* Activity *
Up to and including the line with "Cute Fruit Line Art SVG Food Clipart", reproduce the listing below exactly, beginning at its first line.

*** Begin section ***

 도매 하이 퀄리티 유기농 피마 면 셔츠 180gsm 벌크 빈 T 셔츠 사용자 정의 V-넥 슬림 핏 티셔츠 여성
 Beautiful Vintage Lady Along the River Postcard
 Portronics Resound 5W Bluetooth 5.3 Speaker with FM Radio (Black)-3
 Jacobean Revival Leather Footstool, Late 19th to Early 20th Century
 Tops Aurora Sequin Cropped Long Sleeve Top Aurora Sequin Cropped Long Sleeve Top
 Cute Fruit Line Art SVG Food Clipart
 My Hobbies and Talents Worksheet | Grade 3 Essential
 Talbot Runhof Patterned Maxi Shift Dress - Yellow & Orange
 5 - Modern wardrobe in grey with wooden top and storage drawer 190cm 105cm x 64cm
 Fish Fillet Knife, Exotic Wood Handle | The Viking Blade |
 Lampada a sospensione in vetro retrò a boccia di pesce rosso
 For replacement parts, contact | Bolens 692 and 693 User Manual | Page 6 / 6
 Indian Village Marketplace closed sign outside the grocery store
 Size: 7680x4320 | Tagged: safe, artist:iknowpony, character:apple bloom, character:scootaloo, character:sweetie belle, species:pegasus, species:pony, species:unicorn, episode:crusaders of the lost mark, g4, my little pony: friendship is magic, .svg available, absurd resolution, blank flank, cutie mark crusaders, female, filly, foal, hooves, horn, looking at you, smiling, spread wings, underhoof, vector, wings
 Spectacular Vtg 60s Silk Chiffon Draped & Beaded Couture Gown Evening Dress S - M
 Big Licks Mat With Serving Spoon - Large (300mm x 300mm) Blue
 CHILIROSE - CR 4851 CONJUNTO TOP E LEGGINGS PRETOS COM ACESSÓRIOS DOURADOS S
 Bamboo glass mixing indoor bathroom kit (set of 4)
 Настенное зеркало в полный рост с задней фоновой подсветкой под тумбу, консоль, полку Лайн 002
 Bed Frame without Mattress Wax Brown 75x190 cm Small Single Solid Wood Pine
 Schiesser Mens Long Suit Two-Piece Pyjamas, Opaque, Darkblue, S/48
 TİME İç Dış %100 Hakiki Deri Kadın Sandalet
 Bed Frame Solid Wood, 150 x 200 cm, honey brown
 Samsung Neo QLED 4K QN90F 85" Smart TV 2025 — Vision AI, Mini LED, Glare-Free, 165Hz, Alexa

*** End section ***

* Problem solution *
 도매 하이 퀄리티 유기농 피마 면 셔츠 180gsm 벌크 빈 T 셔츠 사용자 정의 V-넥 슬림 핏 티셔츠 여성
 Beautiful Vintage Lady Along the River Postcard
 Portronics Resound 5W Bluetooth 5.3 Speaker with FM Radio (Black)-3
 Jacobean Revival Leather Footstool, Late 19th to Early 20th Century
 Tops Aurora Sequin Cropped Long Sleeve Top Aurora Sequin Cropped Long Sleeve Top
 Cute Fruit Line Art SVG Food Clipart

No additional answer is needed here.